→ **Your assignment**: Print the lines below word for word, beginning with the first and ending with the line that holds "Avoogue Raincoat Women", and skip every picture.

(Records provided)

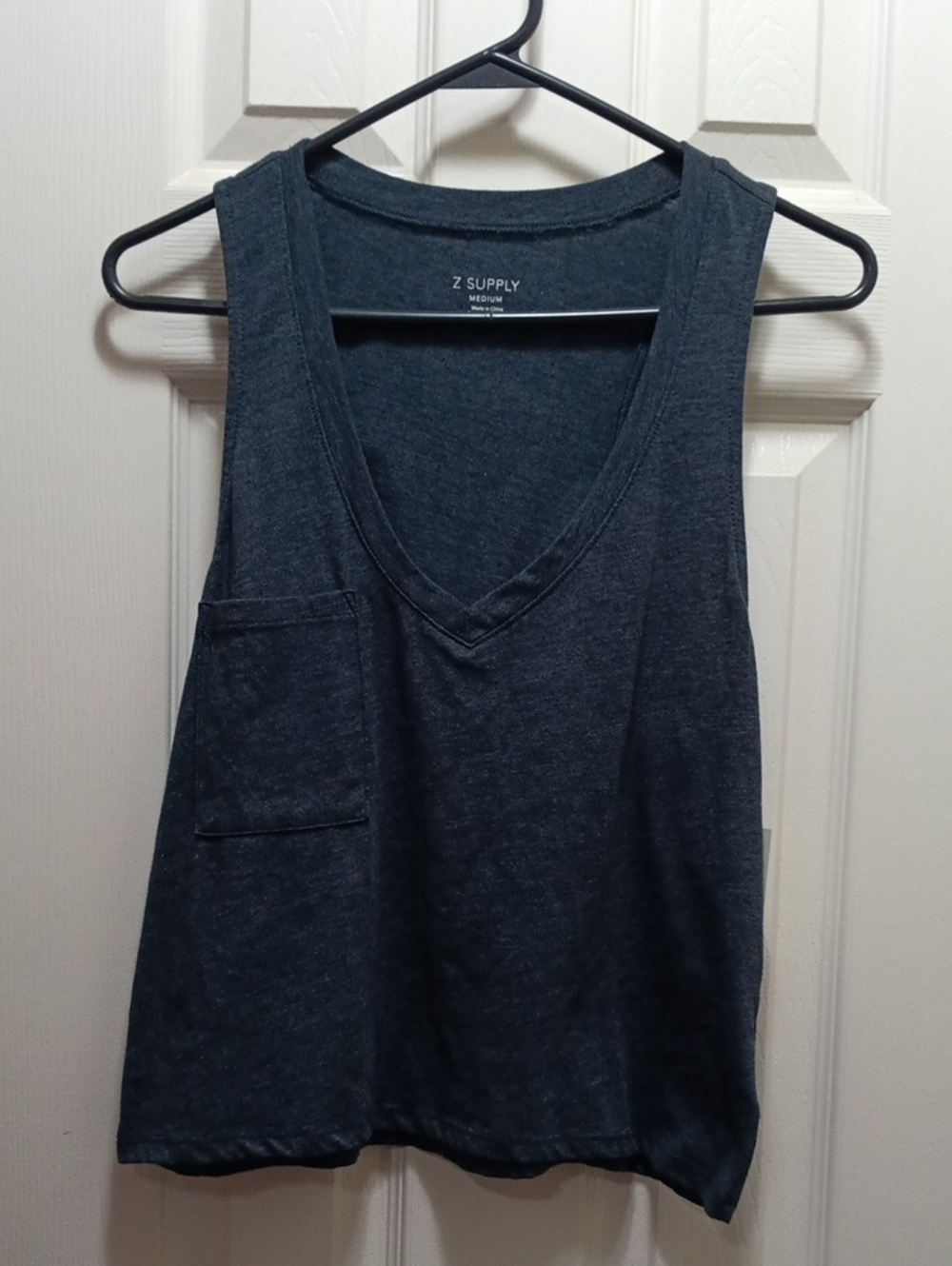 Z Supply Navy V-Neck Pocket Tank Top Slightly Crop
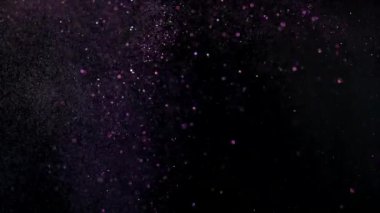 Parlayan parçacıkların ve kıvılcımların arka planı. Etkinlik, festival, sunum, müzik, şov, parti, ödül, moda, festival, kulüp ve sahne için sihirli arkaplan. 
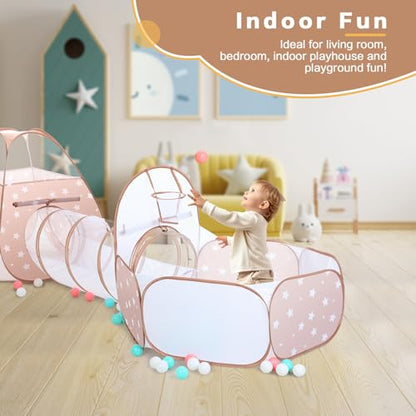 SISTICKER 3 in 1 Kids Play Tent: with Baby Ball Pit and Play Tunnel - Toddler Climbing Toys for Boys Girls Babies - Indoor Outdoor Pop Up Tunnel Toys Gift for Year Old (Balls NOT Included) - style: Coffee/White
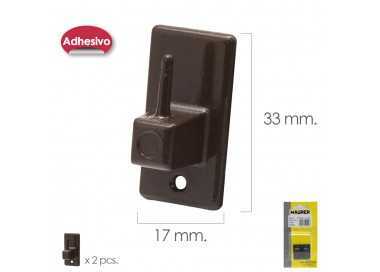 Gancho Visillo / Cortina Adhesivo Marron (Blister 2 Piezas)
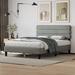 Ebern Designs Kentleigh Metal Slat Bed Upholstered/Metal/Linen in Gray | 39.8 H x 62.6 W x 81.1 D in | Wayfair 4C78C331706746EAA4A161B642ACFAB5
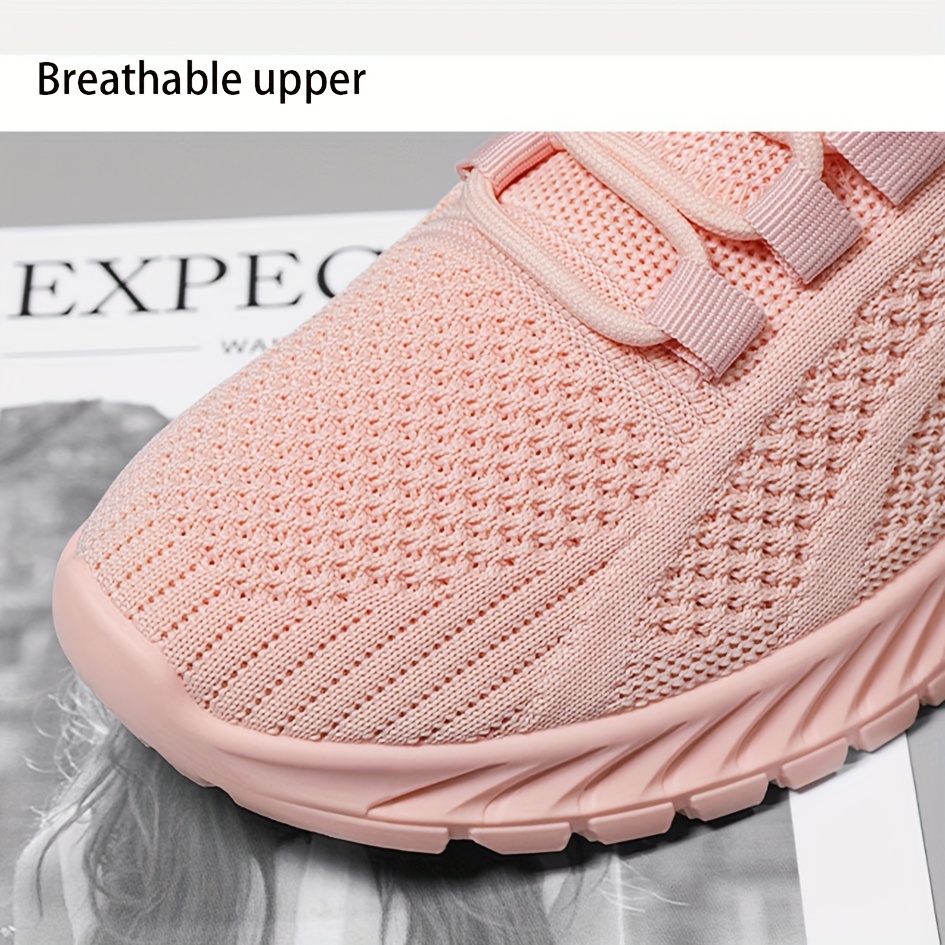 womens solid color mesh sneakers lace up lightweight flat sporty trainers breathable low top running shoes details 6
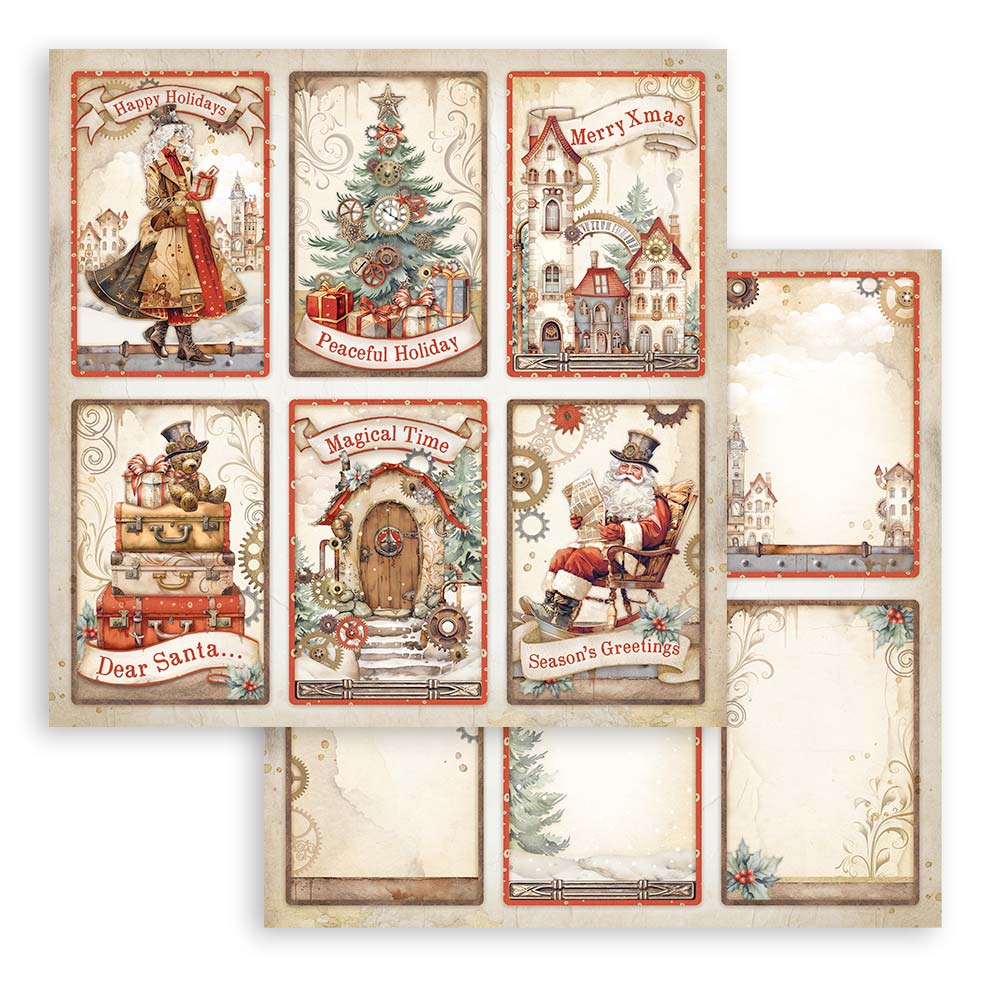 Scrapbook Paper - Stamperia - SBB1010 - 12x12 - Double Face Single Sheet - Gear up for Christmas 6 Cards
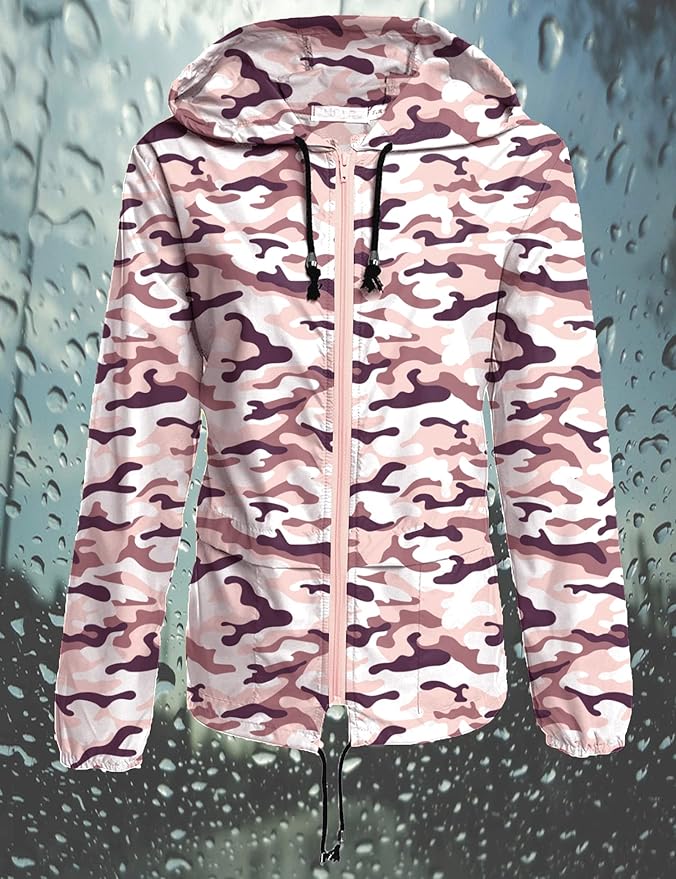 Avoogue Raincoat Women Lightweight Waterproof Rain Jackets Packable Outdoor Hooded Windbreaker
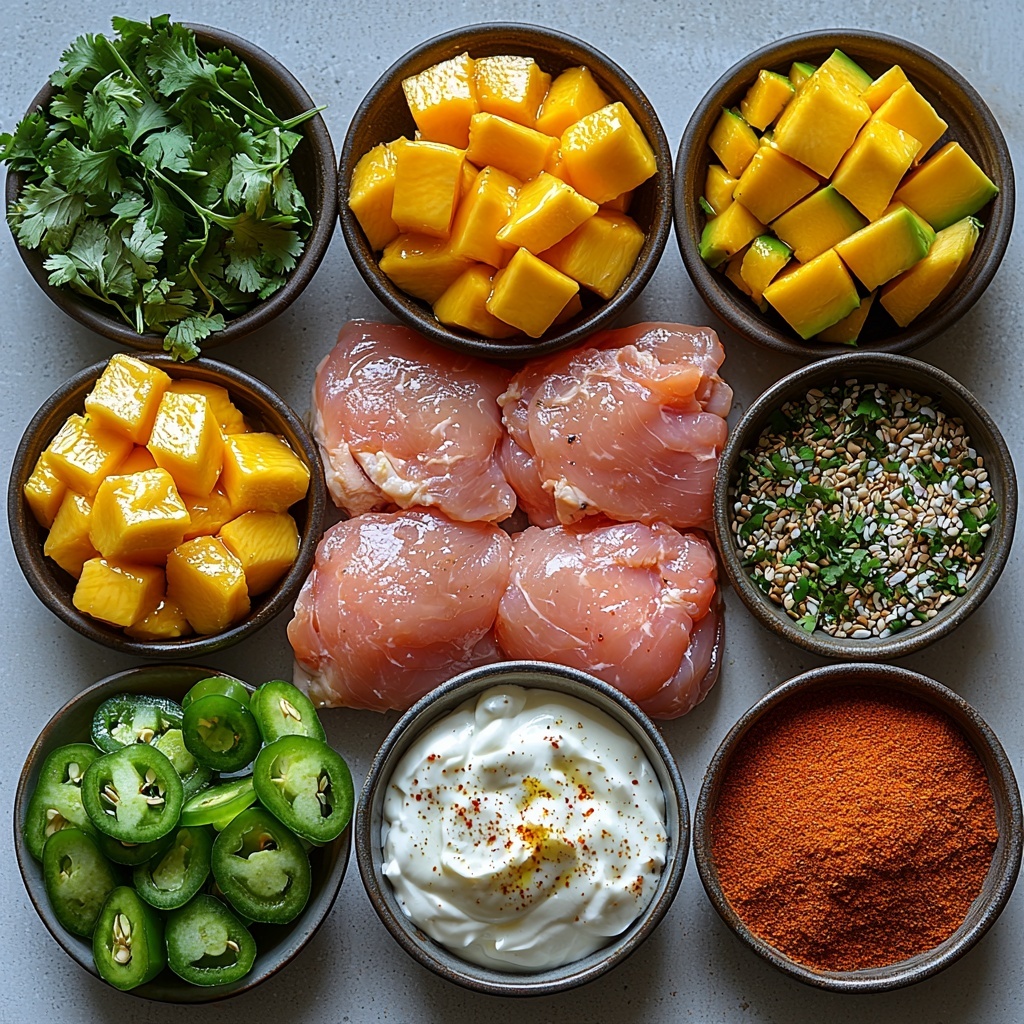 Peruvian chicken ingredients flat lay on a bright clean white surface, featuring raw chicken thighs and breasts arranged neatly, small bowls with olive oil and melted butter glistening, whole garlic cloves and peeled garlic separated in rustic clusters, chopped jalapeños and whole seeded jalapeños vivid green with seeds visible, piles of ground cumin and smoked paprika in small ceramic bowls displaying warm earth tones, salt and pepper sprinkled gently nearby, fresh chopped cilantro and parsley leaves scattered artfully, vibrant chopped mango cubes in a small dish showing rich yellow-orange hues, creamy avocado chunks with bright green flesh and brown pits beside them, two small bowls with smooth mayo and plain Greek yogurt showing contrasting white textures, fresh whole cilantro and parsley sprigs placed for garnish, lime wedges and a small dish of toasted sesame oil adding a golden sheen. The ingredients carefully spaced to highlight their natural colors and textures — glossy, fresh, and inviting — styled with soft natural lighting casting gentle shadows, clean and minimalistic background emphasizing freshness and simplicity. Overhead shot, top down view, flat lay photography, professional food styling --ar 1:1 --q 2 --s 750 --v 6.1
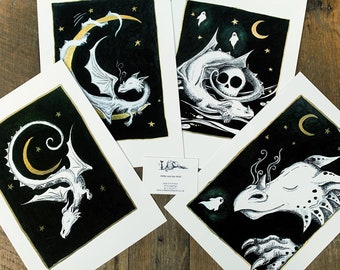 Oscar the Dragon - set of 4, A4 Giclee prints, fairytale illustration, dragons, moon dragon, dragon art, illustrations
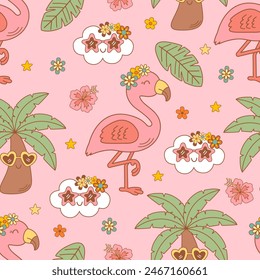 seamless pattern with cute pink flamingo, cloud, palm tree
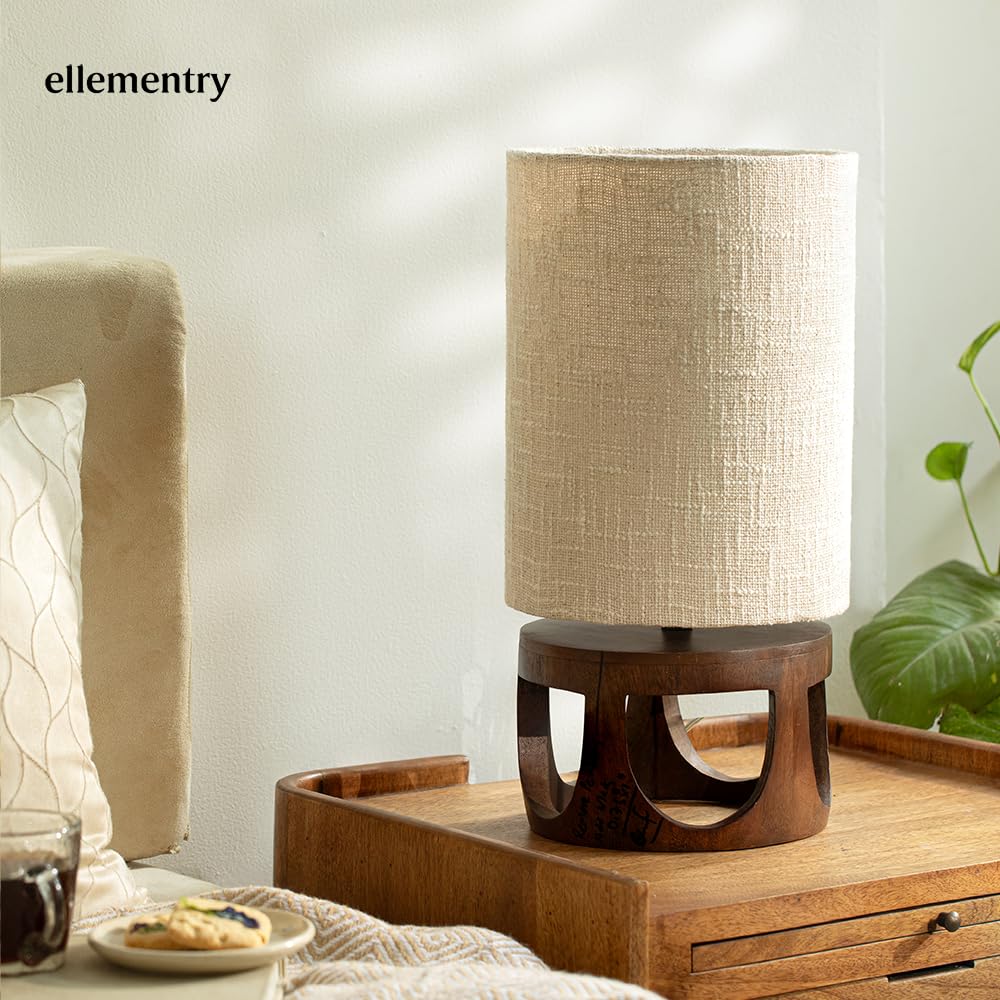 Ellementry Gren Wooden Table Lamp for Bedroom | Bedside Lamp for Bedroom| Eco- Friendly Table Lamp for Living Room | Sustainable Home D�cor Items | Bedroom D�cor | Walnut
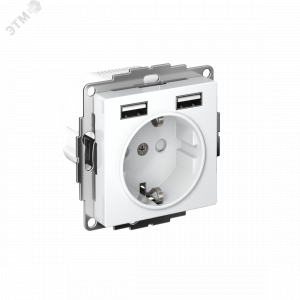 Розетка 1-м СП AtlasDesign 16А IP20 с 2-мя заряд. устройствами USB тип A+A 5В/2.4А 2х5В/1.2А механизм бел. SE ATN000130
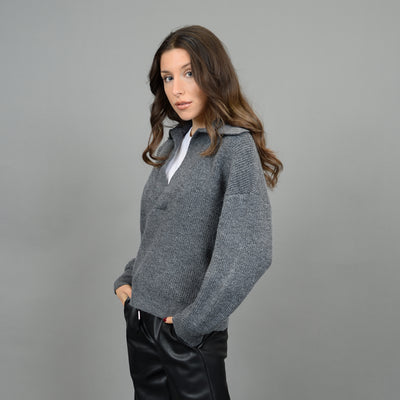 Mayla Collared Pullover - Dark Grey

(End Records provided)

→ **Written answer**:
 Z Supply Navy V-Neck Pocket Tank Top Slightly Crop
 Parlayan parçacıkların ve kıvılcımların arka planı. Etkinlik, festival, sunum, müzik, şov, parti, ödül, moda, festival, kulüp ve sahne için sihirli arkaplan. 
 SISTICKER 3 in 1 Kids Play Tent: with Baby Ball Pit and Play Tunnel - Toddler Climbing Toys for Boys Girls Babies - Indoor Outdoor Pop Up Tunnel Toys Gift for Year Old (Balls NOT Included) - style: Coffee/White
 Gancho Visillo / Cortina Adhesivo Marron (Blister 2 Piezas)
 Ebern Designs Kentleigh Metal Slat Bed Upholstered/Metal/Linen in Gray | 39.8 H x 62.6 W x 81.1 D in | Wayfair 4C78C331706746EAA4A161B642ACFAB5
 womens solid color mesh sneakers lace up lightweight flat sporty trainers breathable low top running shoes details 6
 Scrapbook Paper - Stamperia - SBB1010 - 12x12 - Double Face Single Sheet - Gear up for Christmas 6 Cards
 Avoogue Raincoat Women Lightweight Waterproof Rain Jackets Packable Outdoor Hooded Windbreaker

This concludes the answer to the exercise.